Actualités

1 octobre 2019 - Mis à jour le 3 octobre 2019

RSF exhorte les autorités bosniennes à renforcer la protection des journalistes

Rassemblement de journalistes bosniens à Sarajevo, le 30 septembre 2019.
Après que deux supporters du club de football de Sarajevo ont menacé de mort puis forcé des journalistes à supprimer un article publié sur leur site d’information, RSF appelle les autorités à mettre en place des mesures de protection efficaces pour la profession

Deux supporteurs du club de football bosnien FK Sarajevo ont été arrêtés vendredi 27 septembre après avoir contraint, sous menace de mort, des journalistes de Radio Sarajevo à supprimer un article de leur site d’information.

La radio avait publié une information sur la condamnation récente en Biélorussie à cinq ans de prison d'un supporteur de Sarajevo pour possession de cocaïne.

Devant les locaux de la radio, les hooligans ont aussi obligé le journaliste Almir Sokolović à contacter d’autres médias pour leur demander de retirer cette même mention, sous peine de représailles sur ses proches. 

Une ligne jaune a été franchie avec ces menaces de mort contre des journalistes, leurs familles et cette attaque d’une grande violence, déclare Pauline Adès-Mével, responsable de la zone Union européenne et Balkans de RSF. Alors que les commanditaires de l’attaque violente perpétrée contre un autre journaliste Vladimir Kovacevic courent toujours, RSF appelle les autorités à mettre en place des mesures de sécurité et une justice efficaces contre ceux qui entravent la liberté d’informer et créé les conditions de l’auto-censure dans l’entité serbe de Bosnie-Herzégovine.
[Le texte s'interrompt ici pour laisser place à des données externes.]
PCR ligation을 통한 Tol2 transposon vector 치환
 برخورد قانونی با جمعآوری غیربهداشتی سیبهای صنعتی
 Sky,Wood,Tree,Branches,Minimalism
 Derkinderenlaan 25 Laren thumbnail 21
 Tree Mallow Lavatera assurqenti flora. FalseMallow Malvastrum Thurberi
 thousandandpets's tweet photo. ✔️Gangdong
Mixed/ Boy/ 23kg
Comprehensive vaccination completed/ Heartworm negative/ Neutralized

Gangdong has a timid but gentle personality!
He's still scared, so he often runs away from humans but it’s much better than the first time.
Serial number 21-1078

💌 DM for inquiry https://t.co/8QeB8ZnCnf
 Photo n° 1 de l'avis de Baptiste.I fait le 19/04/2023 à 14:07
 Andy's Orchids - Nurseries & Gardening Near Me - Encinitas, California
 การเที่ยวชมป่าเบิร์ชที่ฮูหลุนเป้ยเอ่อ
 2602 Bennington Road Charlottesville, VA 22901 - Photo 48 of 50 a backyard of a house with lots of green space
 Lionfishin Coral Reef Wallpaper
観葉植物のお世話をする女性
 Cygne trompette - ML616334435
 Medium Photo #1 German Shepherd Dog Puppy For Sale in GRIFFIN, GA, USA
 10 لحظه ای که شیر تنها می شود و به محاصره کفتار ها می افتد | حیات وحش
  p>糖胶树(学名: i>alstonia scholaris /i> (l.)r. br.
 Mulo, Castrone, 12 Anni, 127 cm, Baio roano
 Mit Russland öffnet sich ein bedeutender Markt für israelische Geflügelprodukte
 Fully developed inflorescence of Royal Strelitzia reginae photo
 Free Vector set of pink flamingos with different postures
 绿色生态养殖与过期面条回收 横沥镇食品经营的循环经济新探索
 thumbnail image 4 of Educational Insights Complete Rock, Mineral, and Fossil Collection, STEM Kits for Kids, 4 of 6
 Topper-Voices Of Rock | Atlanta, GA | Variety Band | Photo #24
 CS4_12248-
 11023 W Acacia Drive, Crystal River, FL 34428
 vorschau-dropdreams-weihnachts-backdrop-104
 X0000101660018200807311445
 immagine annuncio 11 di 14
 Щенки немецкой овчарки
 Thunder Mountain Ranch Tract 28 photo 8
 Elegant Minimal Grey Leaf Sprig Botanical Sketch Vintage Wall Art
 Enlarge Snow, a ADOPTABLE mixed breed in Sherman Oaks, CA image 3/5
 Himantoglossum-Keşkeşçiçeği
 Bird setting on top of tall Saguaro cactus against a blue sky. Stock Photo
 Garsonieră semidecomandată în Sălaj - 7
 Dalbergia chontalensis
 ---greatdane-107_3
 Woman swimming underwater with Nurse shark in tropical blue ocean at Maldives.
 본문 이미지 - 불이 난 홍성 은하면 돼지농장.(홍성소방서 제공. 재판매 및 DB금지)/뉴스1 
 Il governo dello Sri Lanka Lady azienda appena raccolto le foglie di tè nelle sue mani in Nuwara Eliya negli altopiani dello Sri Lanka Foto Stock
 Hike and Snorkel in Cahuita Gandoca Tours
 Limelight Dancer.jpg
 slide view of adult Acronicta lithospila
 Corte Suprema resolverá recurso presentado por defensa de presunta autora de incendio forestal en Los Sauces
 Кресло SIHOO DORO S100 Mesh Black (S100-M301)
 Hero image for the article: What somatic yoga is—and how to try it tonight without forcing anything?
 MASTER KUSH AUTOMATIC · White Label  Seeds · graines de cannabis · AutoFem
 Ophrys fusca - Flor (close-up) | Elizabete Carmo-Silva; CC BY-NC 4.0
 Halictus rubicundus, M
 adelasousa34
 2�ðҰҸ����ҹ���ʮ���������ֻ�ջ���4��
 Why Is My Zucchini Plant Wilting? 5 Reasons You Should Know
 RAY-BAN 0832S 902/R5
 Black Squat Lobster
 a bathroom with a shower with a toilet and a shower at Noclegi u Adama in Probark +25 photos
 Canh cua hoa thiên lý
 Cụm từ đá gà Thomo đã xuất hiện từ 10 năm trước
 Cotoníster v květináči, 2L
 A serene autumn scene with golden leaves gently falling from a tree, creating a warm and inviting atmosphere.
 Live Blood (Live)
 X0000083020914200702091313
De leur côté, les fédérations et club de football locaux doivent condamner ces actes inacceptables.” 

En Bosnie-Herzégovine, qui occupe la 63e place au Classement mondial de la liberté de la presse établi par RSF, les professionnels des médias sont tantôt la cible d’attaques en raison de leurs origines ethniques ou des contenus qu'ils produisent. Lundi, une cinquantaine d’entre eux ont défilé devant le bureau du procureur et le parlement de Bosnie pour faire entendre leur voix.